As progeny of this gimme society, we often want for everything and yet we miss the gifts right beneath our nicely botoxed foreheads and expensive sunglasses, nose jobs, and wrinkle cream. Whatever it is you paid for, these gifts hide beneath it all, hoping you’ll find them. They are the gifts nobody asks for.
Today is the launch date for Aberrations
. The reviews so far are fantastic! It’s the realization of a dream I’ve had for a long time. It’s the culmination of gifts I never wanted but have struggled to embrace as part of my unique identity. I’m pinching myself. I’m doing my happy dance and bracing myself at the same time, knowing it’s just the beginning.
When I was about thirteen, I snuck out once in the middle of the night. I took a blanket and a radio to the elementary school a few blocks away. I stretched the old blanket out in the middle of the playground, turned on the radio, got comfortable, and looked up at the stars for a long time. I remember feeling like a giant leaning against the side of the world; I had a sense of it being round and turning that night. I felt the fullness of life; how everything revolves and connects to create a deep, solid existence. I swore to myself that one day I would write a great novel that would make everything in my life worthwhile. It was an adolescent dream but it was real.
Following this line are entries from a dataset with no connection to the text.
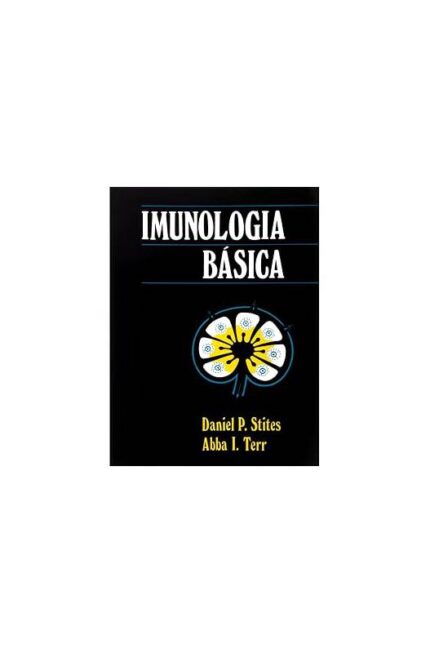 Imunologia Básica- Daniel P. Stiles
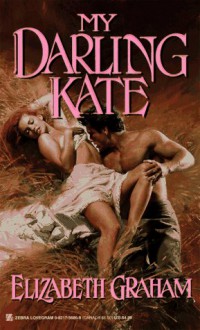 My Darling Kate - Elizabeth Graham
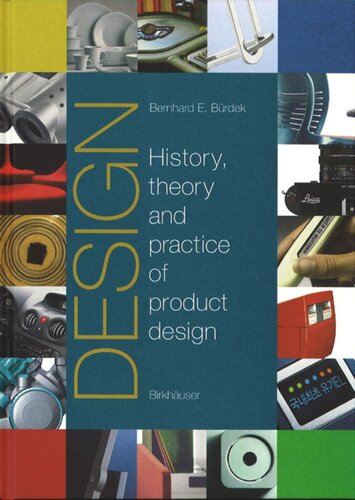 Design History Theory And Practice Of Product Design Bernhard E Brdek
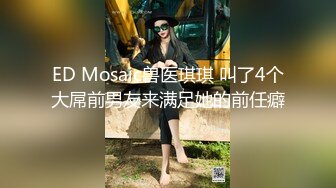 ED Mosaic兽医琪琪 叫了4个大屌前男友来满足她的前任癖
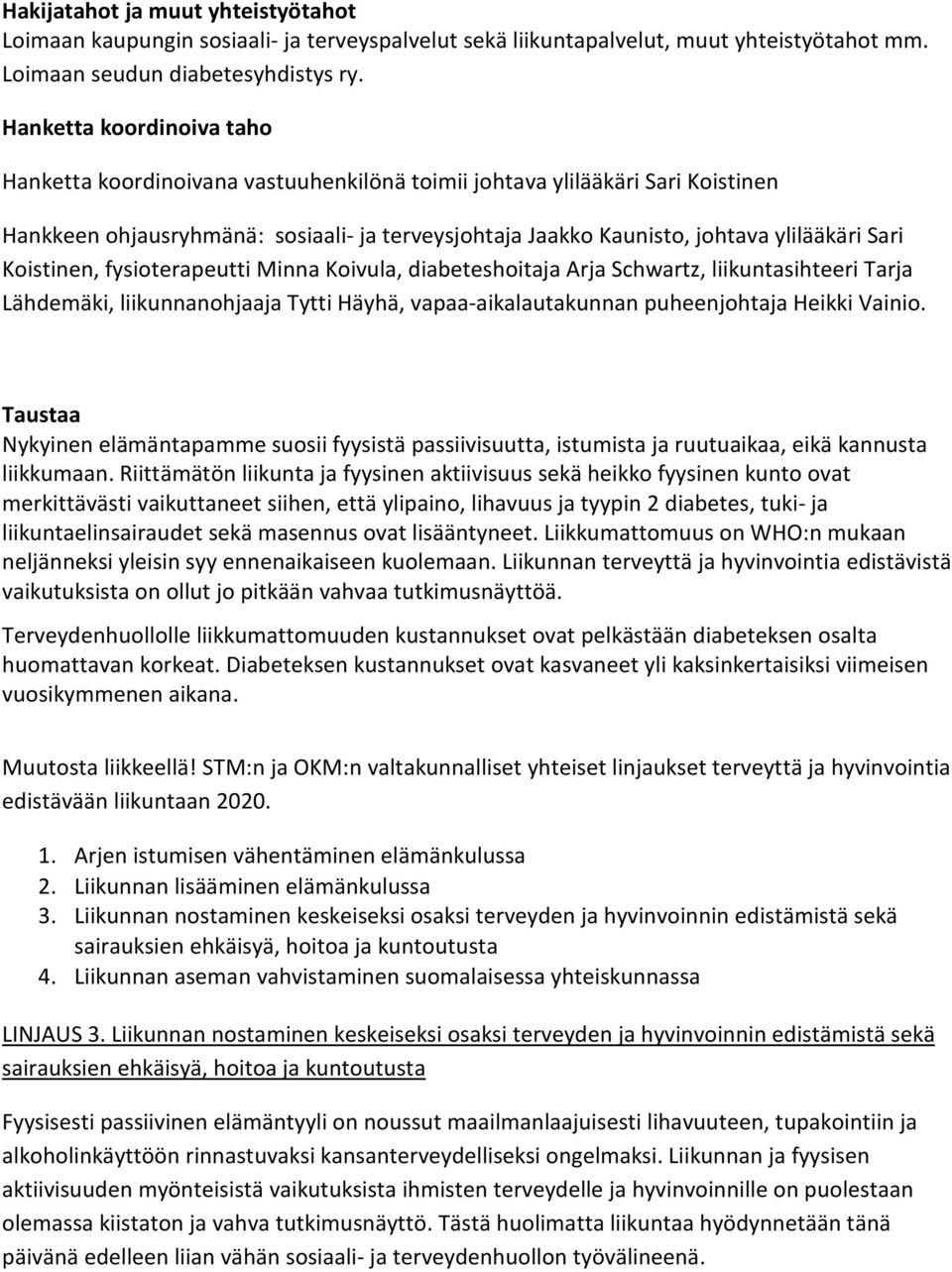 Koistinen, fysioterapeutti Minna Koivula, diabeteshoitaja Arja Schwartz, liikuntasihteeri Tarja Lähdemäki, liikunnanohjaaja Tytti Häyhä, vapaa-aikalautakunnan puheenjohtaja Heikki Vainio.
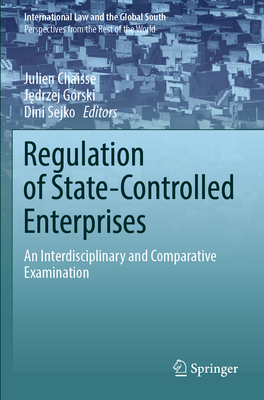 Regulation of State-Controlled Enterprises: An Interdisciplinary and Comparative Examination - Chaisse, Julien (Editor), and Grski, Jedrzej (Editor), and Sejko, Dini (Editor)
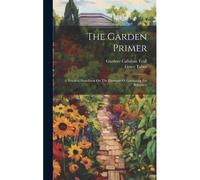 The Garden Primer: A Practical Handbook On The Elements Of Gardening For Beginners
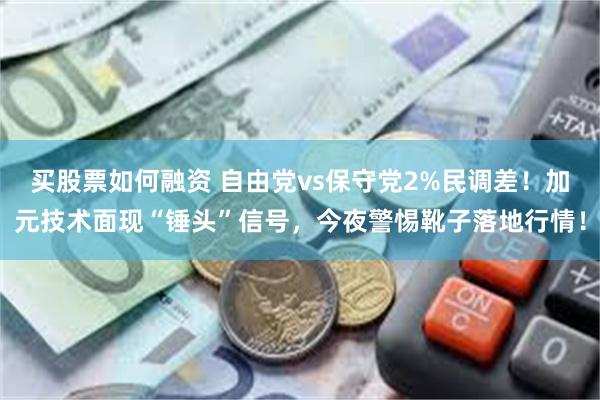 买股票如何融资 自由党vs保守党2%民调差！加元技术面现“锤头”信号，今夜警惕靴子落地行情！
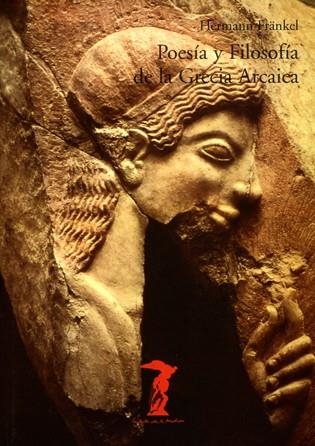 POESIA Y FILOSOFIA DE LA GRECIA ARCAICA | 9788477745631 | FRANKEL, HERMANN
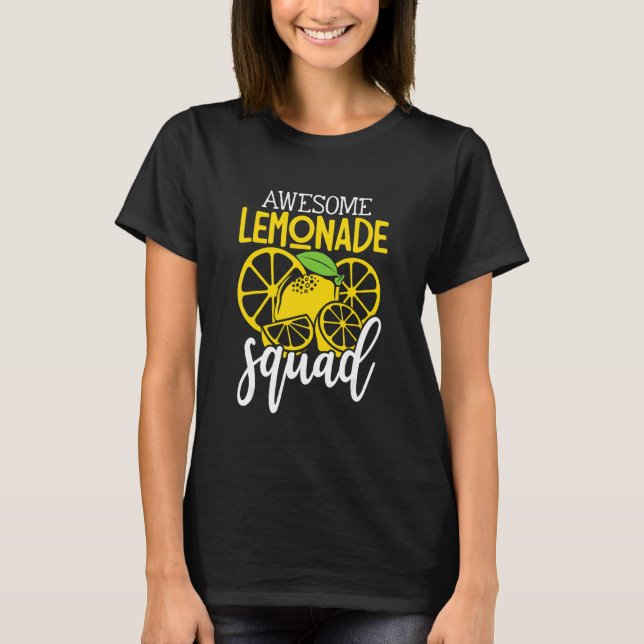 Awesome Lemonade Squad For Lemonade Stand Boss T-Shirt (Front)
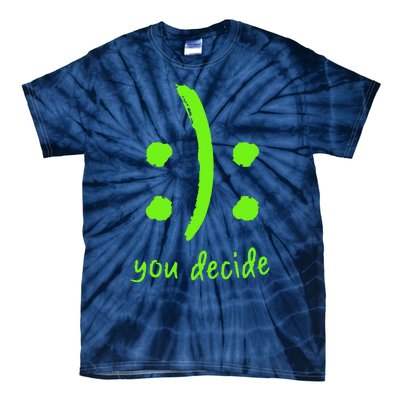 You Decide Tie-Dye T-Shirt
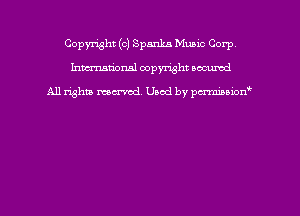 Copyright (c) Spanka Music Corp
hmmdorml copyright nocumd

All rights macrmd Used by pmown'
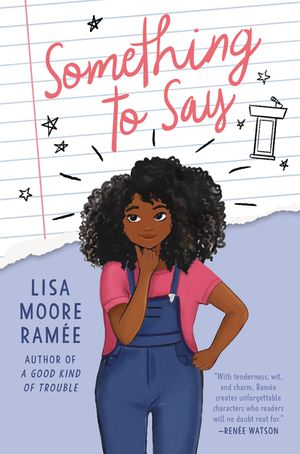Cover Art for 9780062836717, Something to Say by Lisa Moore Ramee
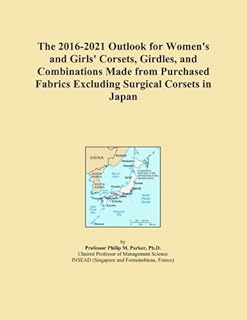 Les perspectives 2016-2021 des corsets, gaines et combinaisons pour femmes et filles fabriqués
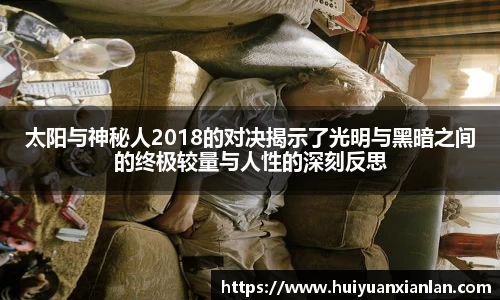 太阳与神秘人2018的对决揭示了光明与黑暗之间的终极较量与人性的深刻反思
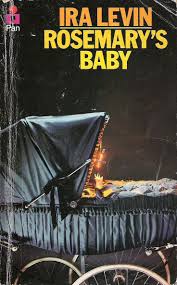 Rosemary S Baby Ira Levin Scary Books Horror Books Horror Book Covers
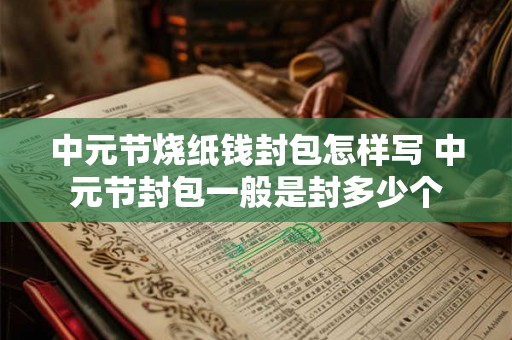 中元节烧纸钱封包怎样写 中元节封包一般是封多少个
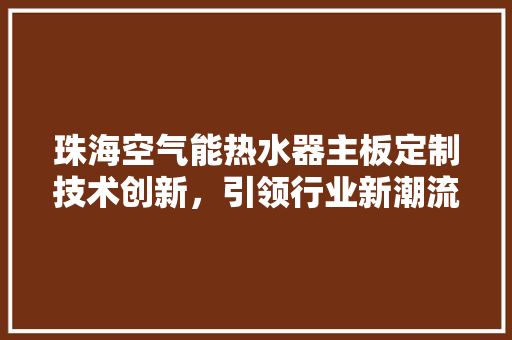 珠海空气能热水器主板定制技术创新，引领行业新潮流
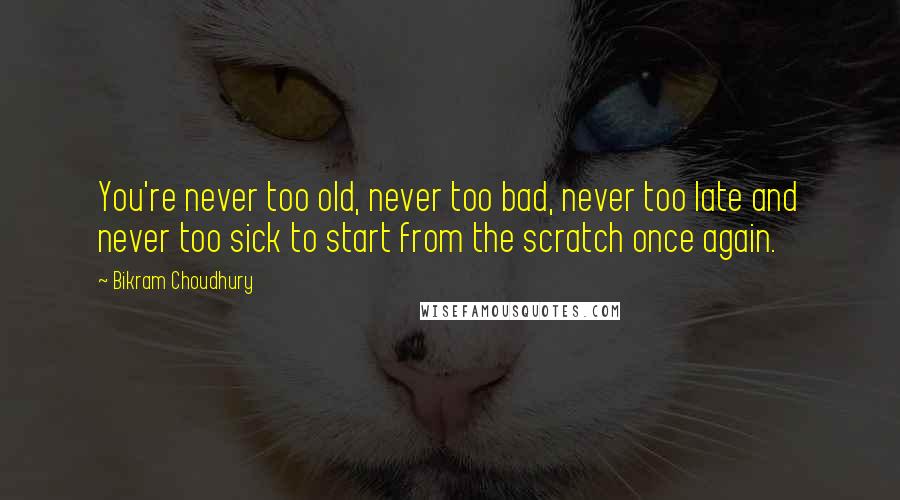 Bikram Choudhury Quotes: You're never too old, never too bad, never too late and never too sick to start from the scratch once again.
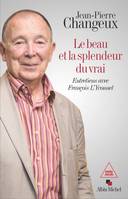 Le Beau et la splendeur du vrai, Entretiens avec François L'Yvonnet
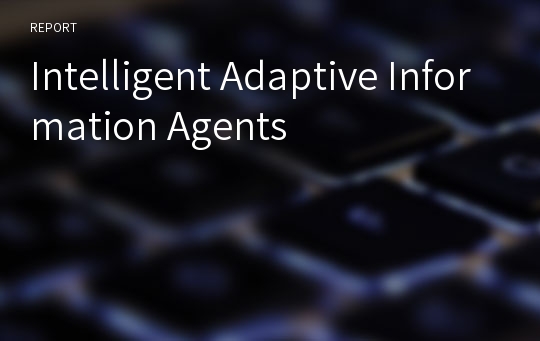 Intelligent Adaptive Information Agents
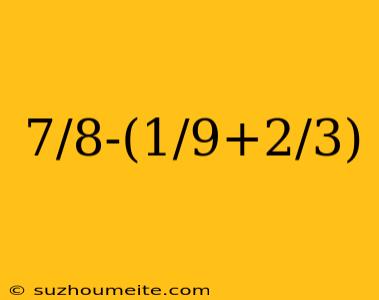 7/8-(1/9+2/3)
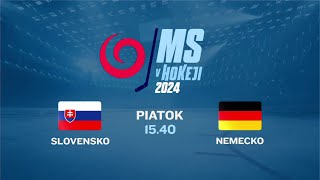 MS v hokeji 2024 SLOVENSKO  NEMECKO 1052024 o 1540 na JOJke [upl. by Emirak]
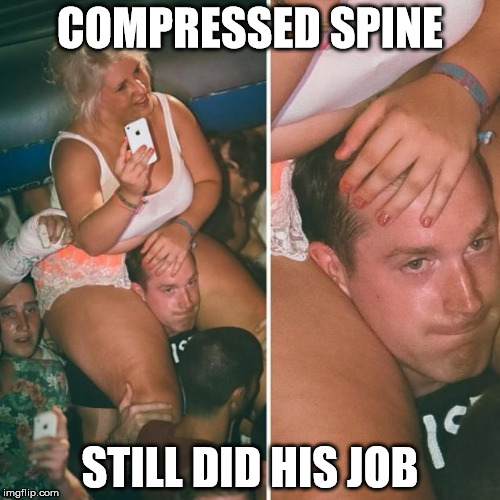 fat girl sitting on shoulders | COMPRESSED SPINE STILL DID HIS JOB | image tagged in fat girl sitting on shoulders | made w/ Imgflip meme maker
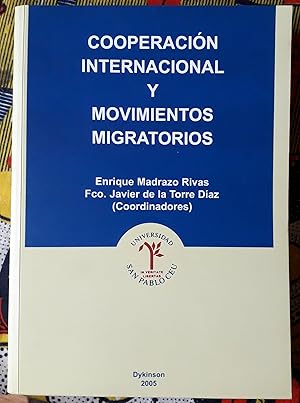 Bild des Verkufers fr Cooperacin internacional y movimientos migratorios zum Verkauf von FERDYDURKE LIBROS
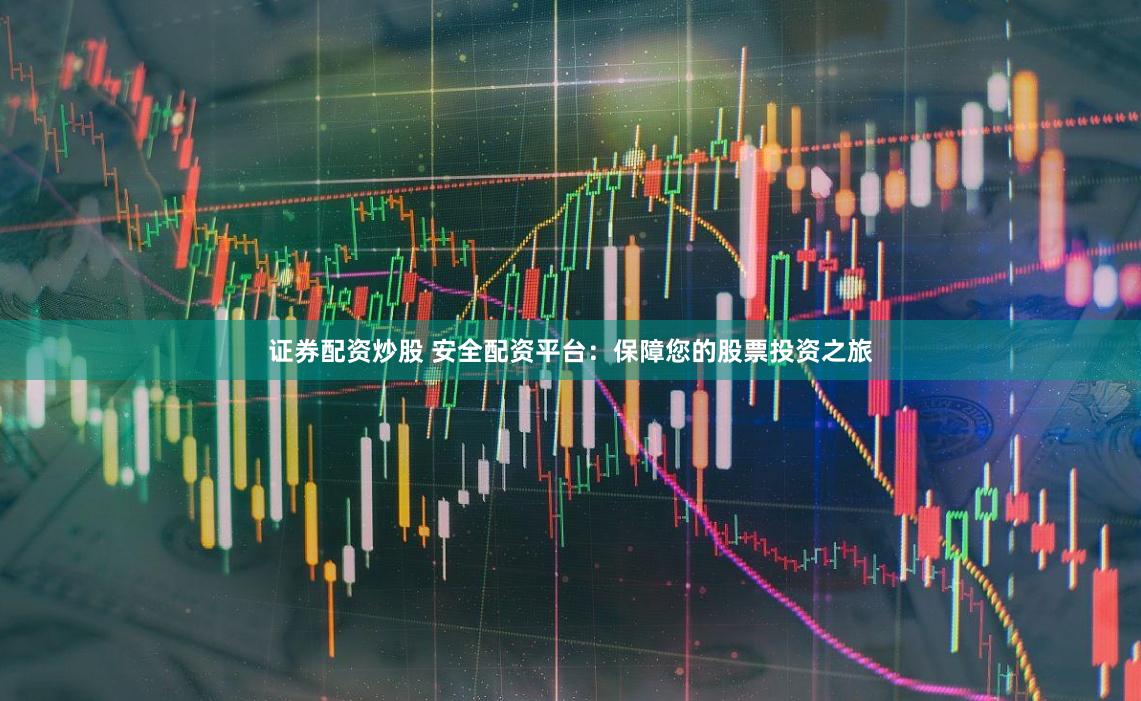 证券配资炒股 安全配资平台：保障您的股票投资之旅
That was nearly thirty years ago.
In my novel, aberration is defined as the negative or tragic in our lives. Everyone has at least one issue; it’s the human condition. These aberrations may be caused by our own misguided or foolish choices, or they may result from something far beyond our control such as illness, deformity, family history, etc. The underlying theme of Aberrations is truth. How do we face the truth in our lives, and then how do we deal with it? How can we use these seemingly negative aberrations riding our backs to embrace a unique existence filled with positives? Sometimes reality can be downright ugly; however, if we make the effort to search for beauty, we can almost always find it hiding in the shadow of our pain.
Sometimes the gifts we receive are not what we want. I’ve been asked a few times recently to explain this statement (found on the back cover of Aberrations
). Let me put it this way. I never asked to grow up in a dysfunctional family. Numerous things have happened in my life that I quickly categorized as negative. My list could go on and on. I bet you have one, too. Depending on my age, maturity, and emotional status at the time, I often ran from these painful negatives, hid them from others, and/or tucked them away as tightly as I could, either denying their existence or saying that I’d deal with them later. But I can tell you without hesitation and with complete confidence, that if my own aberrations had not existed, copies of Aberrations
would not be surfacing in bookstores everywhere this week.
Perhaps there would a different kind of book. I’ll never know, but the one I wrote and love would not have been possible. Over a ten-year period I poured a tremendous amount of myself into each word. Perhaps my talent isn’t worthy of the Pulitzer, and perhaps Aberrations won’t be a bestseller or find a place in Oprah’s Book Club, but it’s a damn good start. It represents everything I love about myself and my life–the good, the bad, and the ugly. It makes everything I’ve experienced worthwhile.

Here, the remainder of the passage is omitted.